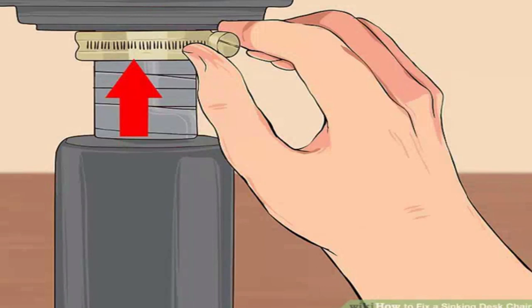Test the chair. The chair should now be unable to slide down past the clamp. The built-in height adjustment will still not work properly. If the chair is at the wrong height, move the clamp higher or lower on the cylinder. If the clamp slides off, fasten it over a strip of rubber to improve the grip, or try the PVC pipe method.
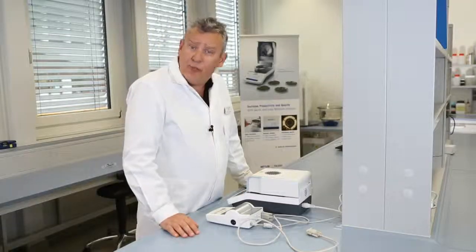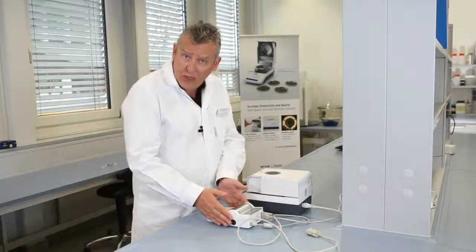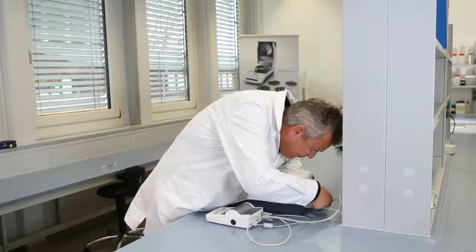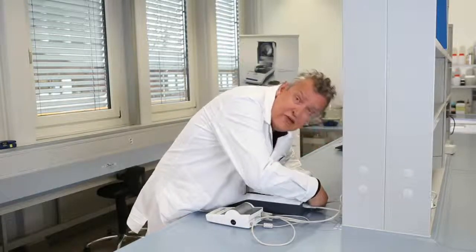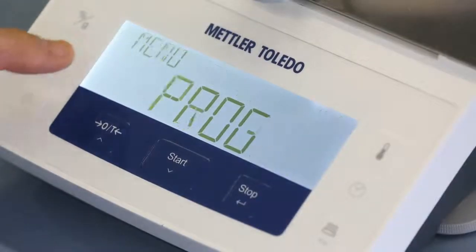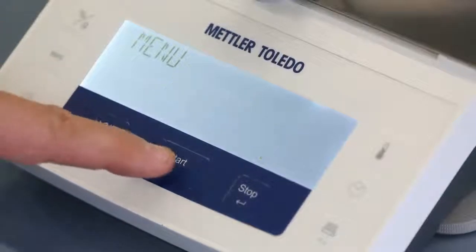If you want to print out your results, you can connect an optional printer using the RS232 interface on the back of the instrument. Enter the menu, scroll to print, and confirm that printing is on.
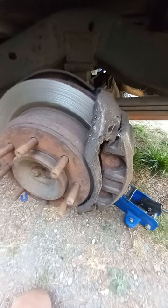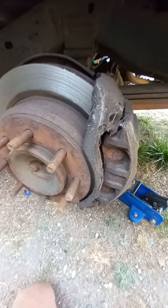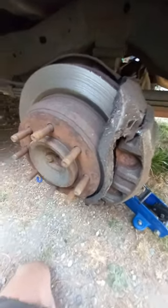He said it was making a funny noise with the engine running when he stepped on the brakes. The key information I needed was going down the road. It ended up having metal-on-metal brakes on the left rear.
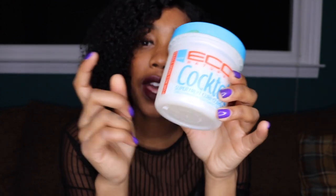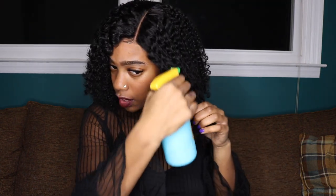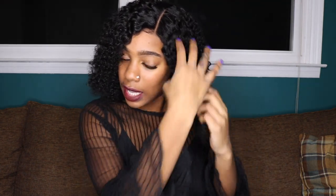The way I got it to loosen up and look like this was I used my Eco cocktail. So I used this Eco cocktail on the hair and I also used water — those two were my ingredients. I just spray my hair all over with water. Let me show y'all an example: I take a section, wet it up — you don't have to saturate it — and then I take the Eco cocktail.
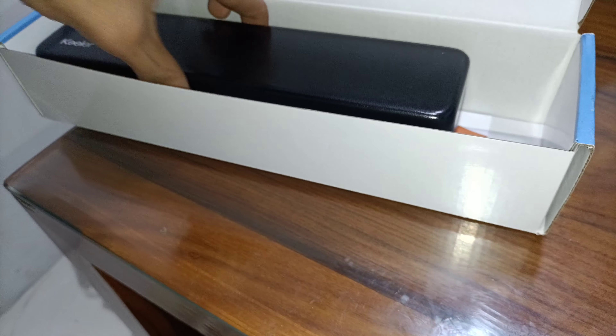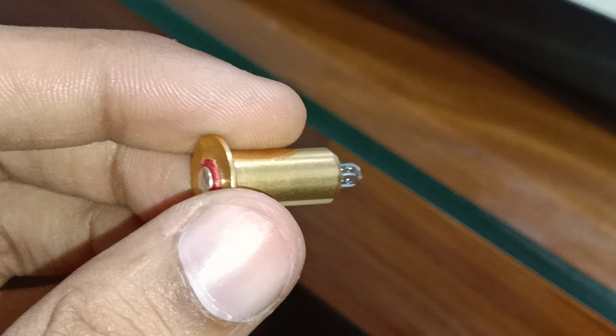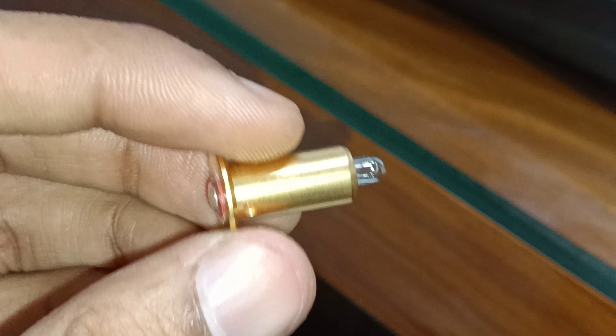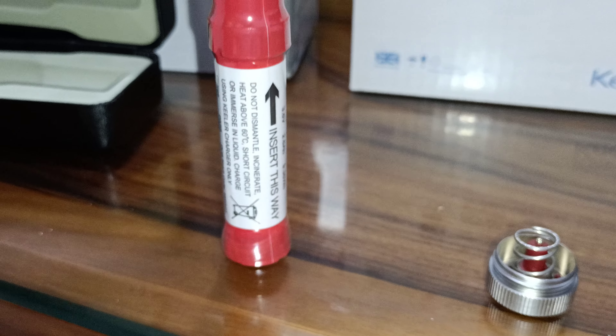This is the charger handle. It also includes an extra bulb, and it comes with a lithium battery that is rechargeable.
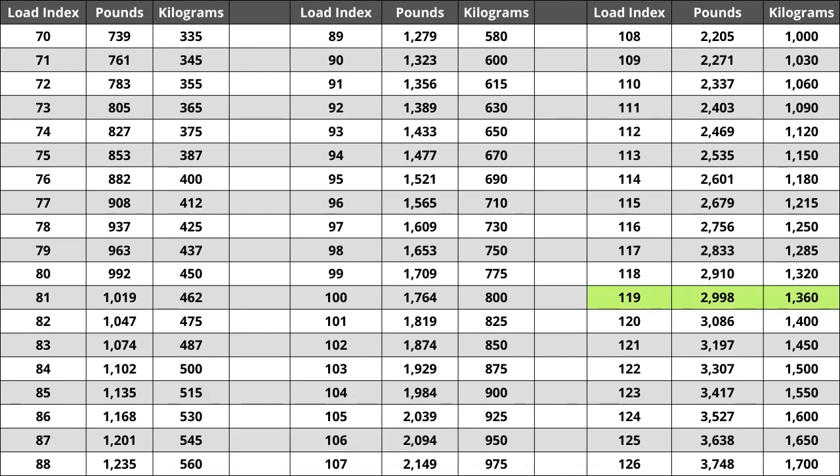For the tire we are looking at today, the load index of 119 represents a weight capacity of 2,998 pounds. For metric system users, that would be a capacity of 1,360 kilograms. Located next to the load index there is a letter, which is the speed rating for this tire.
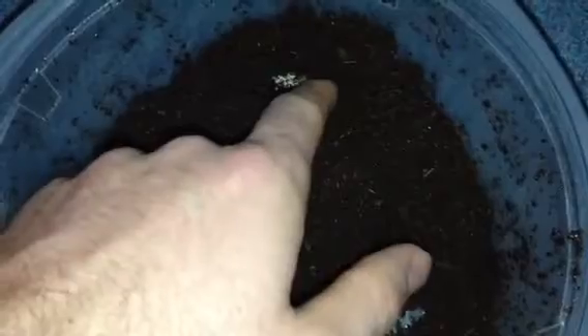Hey YouTube. I just woke up and I think I have another clutch of eggs, so let's take a look. Yep, another clutch.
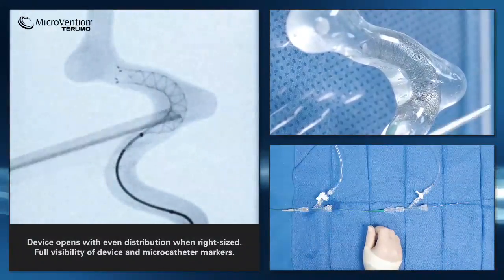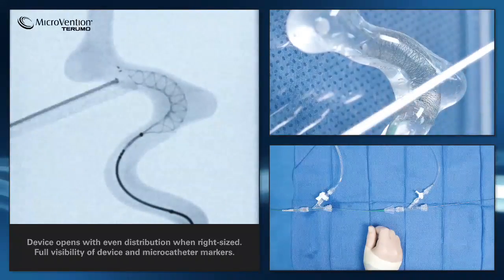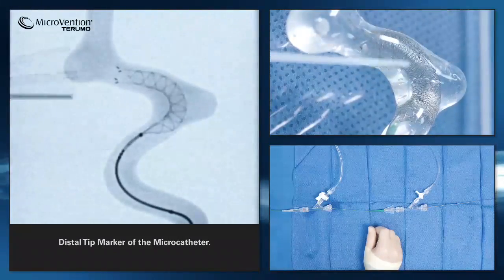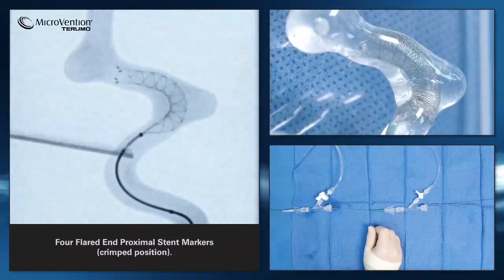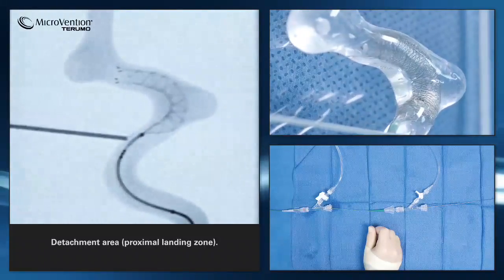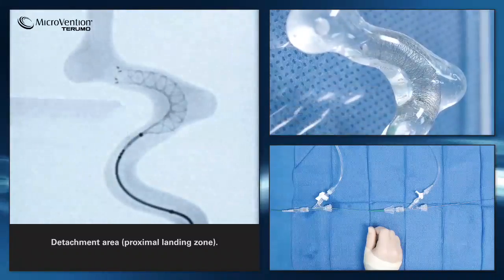Here you can see the device opens with even distribution. You can see the distal radiopaque markers, and you can see the distal tip of the microcatheter. Here you can see the detachment zone very clearly, followed by the four flared end distal stent markers. Just before fully deploying the stent in its final position, you can verify the proximal landing zone by looking at the remaining length within the microcatheter.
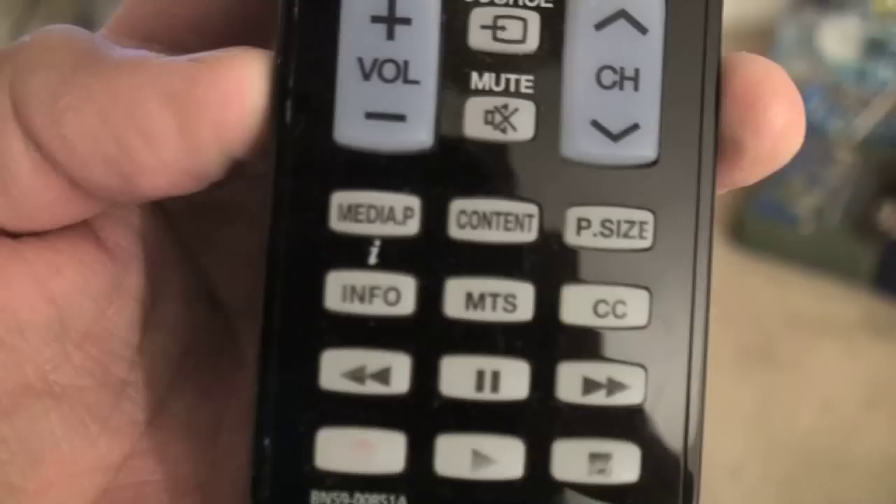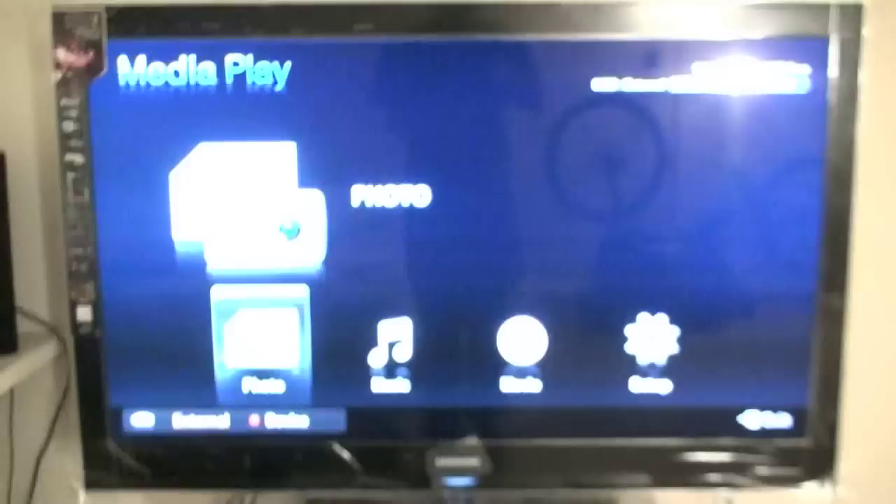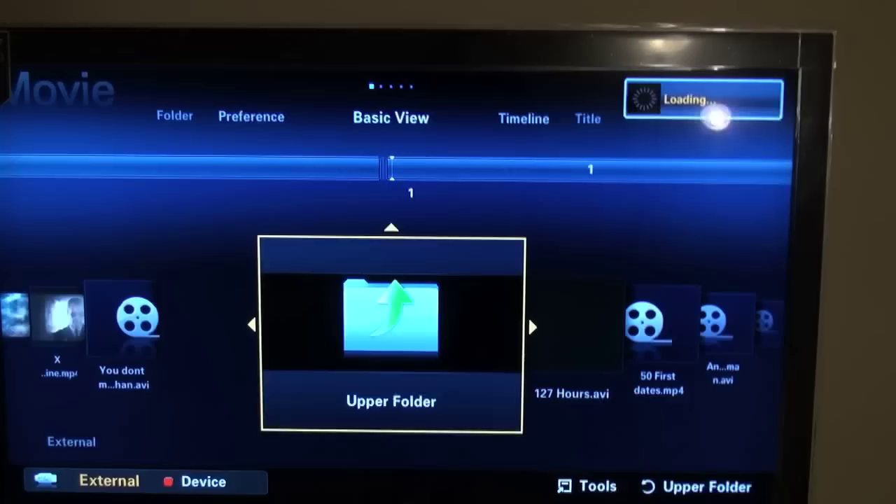Once you do that, there should be a menu that pops up. If it doesn't, on your controller you should have a media player button — right there. Hit it. Mine's already popped up, so go into that and go over to movies. You can do pictures and music also. Go into movies.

================================

-- What to do --
What you write must match, line for line, the lines from the one with "For the tire" through the last line of the data above, minus the pictures.

-- Output for this exercise --
For the tire we are looking at today, the load index of 119 represents a weight capacity of 2,998 pounds. For metric system users, that would be a capacity of 1,360 kilograms. Located next to the load index there is a letter, which is the speed rating for this tire.
Hey YouTube. I just woke up and I think I have another clutch of eggs, so let's take a look. Yep, another clutch.
Here you can see the device opens with even distribution. You can see the distal radiopaque markers, and you can see the distal tip of the microcatheter. Here you can see the detachment zone very clearly, followed by the four flared end distal stent markers. Just before fully deploying the stent in its final position, you can verify the proximal landing zone by looking at the remaining length within the microcatheter.
Once you do that, there should be a menu that pops up. If it doesn't, on your controller you should have a media player button — right there. Hit it. Mine's already popped up, so go into that and go over to movies. You can do pictures and music also. Go into movies.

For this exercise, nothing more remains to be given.